WARNING:absl:Function `_wrapped_model` contains input name(s) PhotoAmt, Fee, Age, Type, Color1, Color2, Gender, MaturitySize, FurLength, Vaccinated, Sterilized, Health, Breed1 with unsupported characters which will be renamed to photoamt, fee, age, type, color1, color2, gender, maturitysize, furlength, vaccinated, sterilized, health, breed1 in the SavedModel.
INFO:tensorflow:Assets written to: my_pet_classifier/assets
INFO:tensorflow:Assets written to: my_pet_classifier/assets

要获得对新样本的预测,只需调用 model.predict()。

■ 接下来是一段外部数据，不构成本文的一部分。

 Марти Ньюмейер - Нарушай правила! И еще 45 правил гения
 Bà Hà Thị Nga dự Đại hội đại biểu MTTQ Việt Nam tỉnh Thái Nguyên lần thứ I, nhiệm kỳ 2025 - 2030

您只需要做两件事:

  1. 将标量封装成列表,以便具有批次维度(模型只处理成批次的数据,而不是单个样本)
  2. 对每个特征调用 convert_to_tensor
sample = {
    'Type': 'Cat',
    'Age': 3,
    'Breed1': 'Tabby',
    'Gender': 'Male',
    'Color1': 'Black',
    'Color2': 'White',
    'MaturitySize': 'Small',
    'FurLength': 'Short',
    'Vaccinated': 'No',
    'Sterilized': 'No',
    'Health': 'Healthy',
    'Fee': 100,
    'PhotoAmt': 2,
}

input_dict = {name: tf.convert_to_tensor([value]) for name, value in sample.items()}
predictions = reloaded_model.predict(input_dict)
prob = tf.nn.sigmoid(predictions[0])

print(
    "This particular pet had a %.1f percent probability "
    "of getting adopted." % (100 * prob)
)
This particular pet had a 76.4 percent probability of getting adopted.

要点:对于更大、更复杂的数据集,您通常会看到深度学习的最佳结果。在处理像这样的小数据集时,我们建议使用决策树或随机森林作为强基线。本教程的目标是演示处理结构化数据的机制,以便您将来处理自己的数据集时有可以作为起点的代码。

后续步骤

进一步了解有关结构化数据分类的最佳方法是自己尝试。您可能希望找到另一个可使用的数据集,并使用与上述类似的代码训练模型对其进行分类。为了提高准确率,请仔细考虑要在模型中包含哪些特征,以及它们应该如何表示。